- Title: FRANCE: NATIONAL FRONT IS SURPRISINGLY POPULAR IN ALSACE
- Date: 19th May 1997
- Summary: SAVERNE AREA, NORTH OF STRASBOURG, FRANCE (MAY 19, 1997) (RTV - ACCESS ALL) 1. GV SAVERNE VALLEY/ VINEYARDS (2 SHOTS) 0.08 BISCHWILLER, FRANCE (MAY 19, 1997) (RTV - ACCESS ALL) 2. LV PEOPLE CYCLING PAST HOTEL/ SV "VINS D'ALSACE" SIGN (2 SHOTS) 0.16 3. LV EXT TOWN HALL/ CU ELECTION POSTERS (2 SHOTS) 0.22 4. LV TURKISH WOMEN LOOKING OUT OF WINDOWS 0.25 STRASBOURG, FRANCE (MAY 19, 1997) (RTV - ACCESS ALL) 5. GV CANAL/ LV PEOPLE WALKING OVER BRIDGE (2 SHOTS) 0.33 6. SLV STRASBOURG'S SOCIALIST MAYOR CATHERINE TRAUTMAN TALKING TO PEOPLE/ SCU TRAUTMAN SPEAKING ABOUT THE NATIONAL FRONT, SAYING: "THERE'S NO DOUBT ABOUT IT. THE NATIONAL FRONT HAS ABUSIVELY TAKEN OVER THE MANTLE OF PROTECTOR OF FRENCH PATRIOTISM SO DEAR TO ALSATIANS" (FRENCH) (2 SHOTS) 1.01 SINGRIST, FRANCE (MAY 19, 1997) (RTV - ACCESS ALL) 7. SV NATIONAL FRONT CANDIDATE YVAN BLOT WALKING THROUGH TOWN, WALKING IN FRONT OF ELECTION POSTERS (2 SHOTS) 1.14 8. SV BLOW SAYING: "PEOPLE ARE LOOKING FOR VALUES OF PATRIOTISM, ORDER, HONESTY IN POLITICS, AND AGAINST CORRUPTION. IMMIGRATION DOES PLAY A ROLE, BECAUSE THERE ARE ALREADY SOME SMALL PROBLEMS" (FRENCH) 1.52 9. SV PERSON REJECTING NATIONAL FRONT LEAFLET 2.02 BISCHWILLER, FRANCE (MAY 19, 1997) (RTV - ACCESS ALL) 10. WIDE OF STREET/ LV SHOP WITH FLAGS OUTSIDE (2 SHOTS) 2.17 11. SCU SHOPOWNER SYLVIE LENZ SAYING: "PEOPLE VOTING FOR LE PEN ARE NOT AGAINST IMMIGRANTS, IT'S JUST THAT THEY HAVE HAD ENOUGH, AND THEY WANT TO KEEP MORE OF THEIR MONEY" (FRENCH) 2.38 12. CU FOUNTAIN/ SLV MAN LOOKING AT ELECTION CAMPAIGN POSTERS (2 SHOTS) 2.49 Initials s3, p3 Script is copyright Reuters Limited.

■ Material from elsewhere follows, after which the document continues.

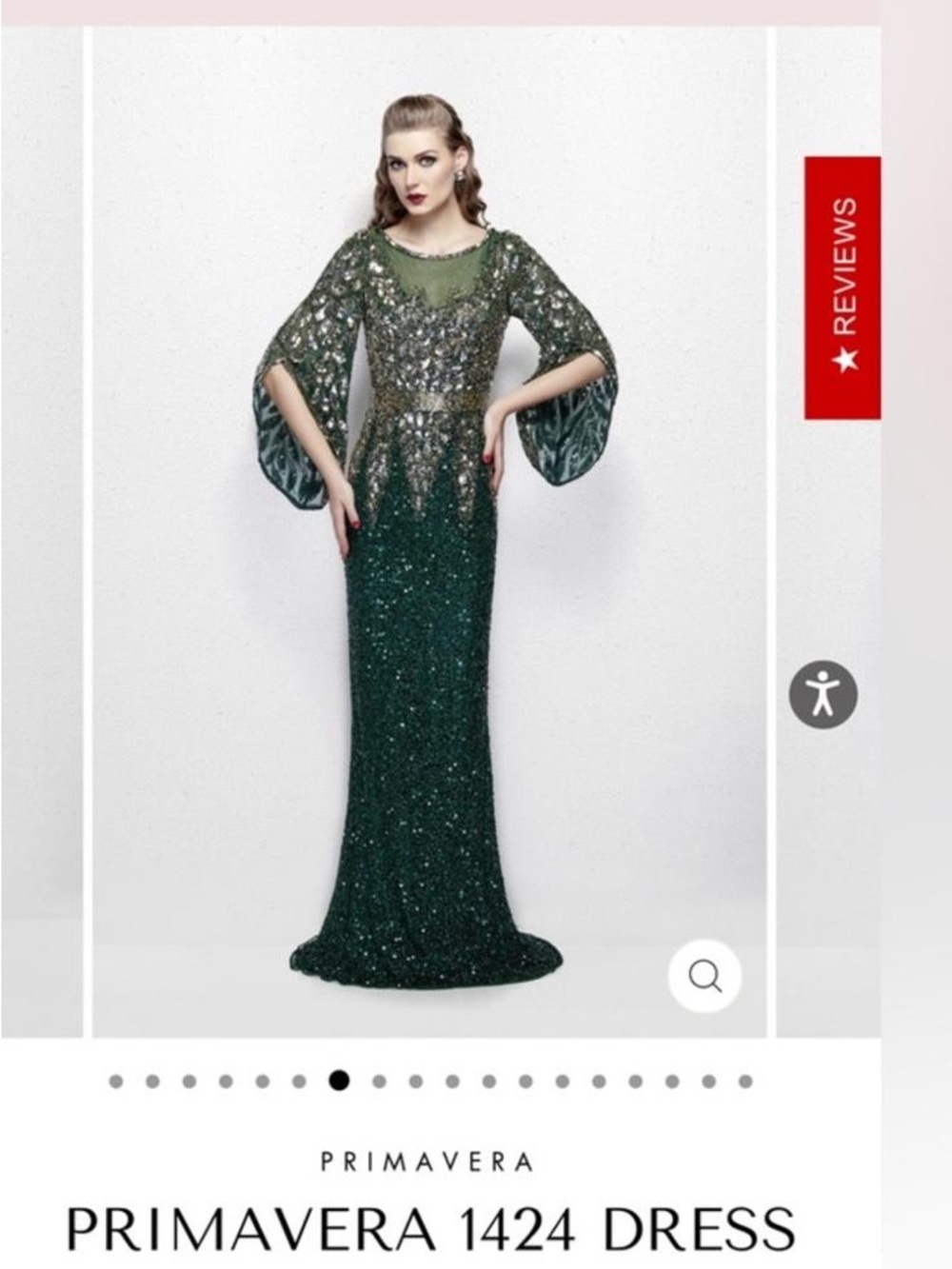 Primavera Couture Black & Emerald Sequin Long Sleeve Evening Gown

All rights reserved.
- Reuters ID: LVAA0XEF8Q5UI6J6TOHPVPDELPA4
- Location: STRASBOURG, BISCHWILLER, SINGRIST, SAVERNE AREA, FRANCE
- Country: France
- Duration: 00:02:56
- Story Text: INTRO: France's border province of Alsace will be under special scrutiny during the nation-wide voting on Sunday to gauge the surprising popularity of rightist Jean-Marie Le Pen in an area where most towns hardly have a foreign inhabitant.
Le Pen's openly xenophobic National Front (FN) has chalked up its best scores in regions of southern France where there is high unemployment and where communities of North African Arab immigrants are sometimes found in the smallest villages.
There are few Arabs in Alsace, though there is a sizeable Turkish minority in large towns. Unemployment rates are among the lowest in France, but Le Pen nonetheless captures up to a third of votes in some areas, twice his national average.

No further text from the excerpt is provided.